Tag Archives: Abbey

#224 – Affligem Dubbel

#224 - Affligem Dubbel

Size: 330 ml

ABV: 6.8 %

Affligem Dubbel is what I like to call a proper Abbey beer. There are some breweries which might use the name of a defunct Abbey to help sell their beers, such as the St. Feuillien range or the Floreffe (#40) beers made by Lefebvre, but then there are those breweries which work under the licence from an existing functioning Abbey. The Affligem beers are very much in the latter category, and lets face it when it comes to Abbey’s, you don’t get much more ‘proper’ than the one in Affligem.

It all started not far short of a thousand years ago, when monk Wedericus from St. Peter’s Abbey in Ghent coerced six errant knights to repent their violent lifestyles and seek a new direction in life.  St. Anno, the Archbishop of Cologne at the time provided the guidance, and Count Palatine of Lotharingia provided his land, and essentially the spirit of the Abbey of Affligem had been founded. In 1085 the new monks had adopted the teachings of St Benedict, and by the next year the first church had been consecrated.

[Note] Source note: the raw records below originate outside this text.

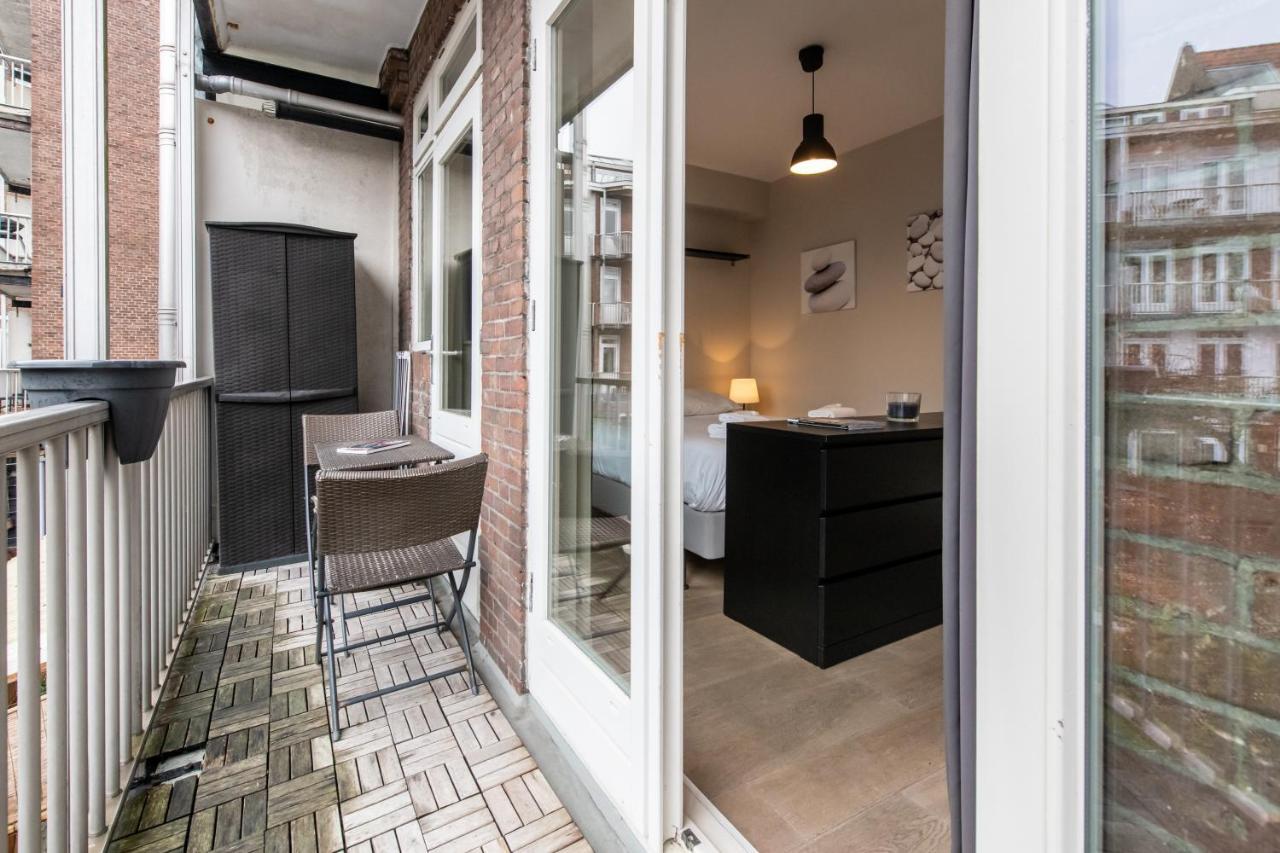 Two-Bedroom Apartment In Amsterdam West Exteriér fotografie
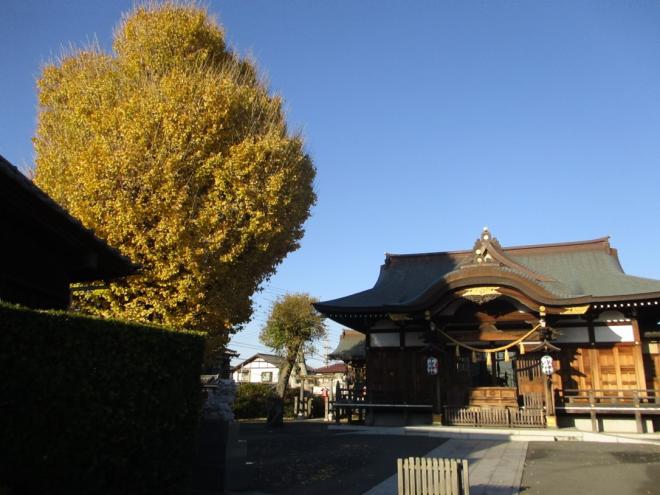 子守神社の画像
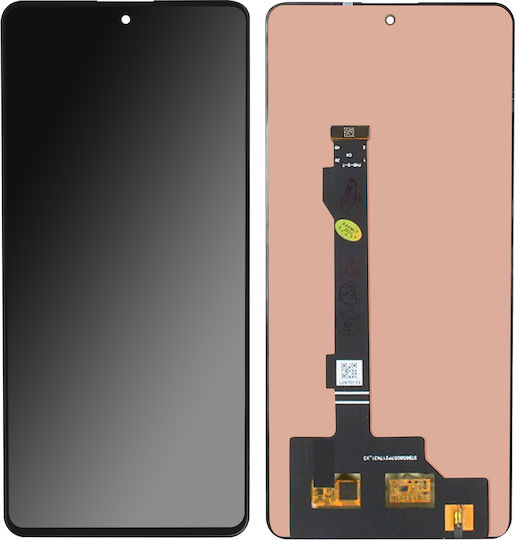 Redmi Note 12 Pro 12 Pro 5G LCD Touchscreen Black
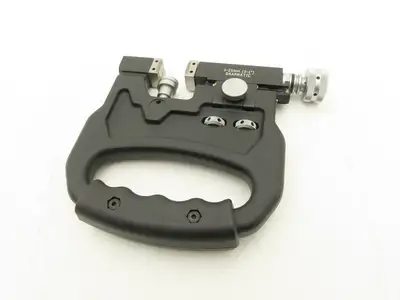 Fowler Bowers 53-666-500-0 Snapmatic Snap Gage 0-1" 25mm Range Outside Diameter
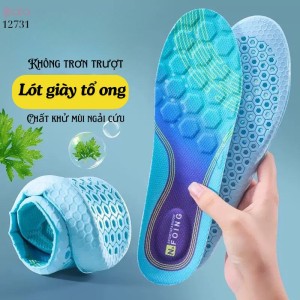 Lót giày tập luyện quân sự,bóng rổ,bóng đá,cầu lông,Pickleball... đi bộ,mềm và êm đứng lâu không mỏi 12732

That same year the Count of Leuven offered around 200 hectares of his domain to Affligem, and the land began to grow at a remarkable rate (over 8000 hectares at its pomp). The Abbey of Affligem was easily one of the richest domains in the Low Countries.

Affligem was also one of the most influential with many monasteries being founded by the Abbey – these included Bornem (1120) and St. Andrews of Bruges (1100). It became known as the ‘Primaria Brabantiae’ which essentially regarded it as the most important in the Duchy of Brabant. The banner of Brabant was stored there during peace time, and at least five Dukes are still buried there. The power grew through the 14th and 15th Centuries following consecration as an Abbey, and then the granting of Primate in the Brabantian states. Monasteries and religious institutions all over Europe wanted a piece of Affligem.

It wasn’t always good news though. The Abbey was twice plundered during the 14th Century wars between Brabant and Flanders, and monks were often exiled for periods of time. This happened again in 1580 when followers of William of Orange looted the place, leaving it empty for up to 27 years, and then of course there was the French Revolution which took the Abbey out of play for another 76 years until it could be reformed. The Abbey has existed in more placid circumstances ever since and still contains 22 working monks to this day.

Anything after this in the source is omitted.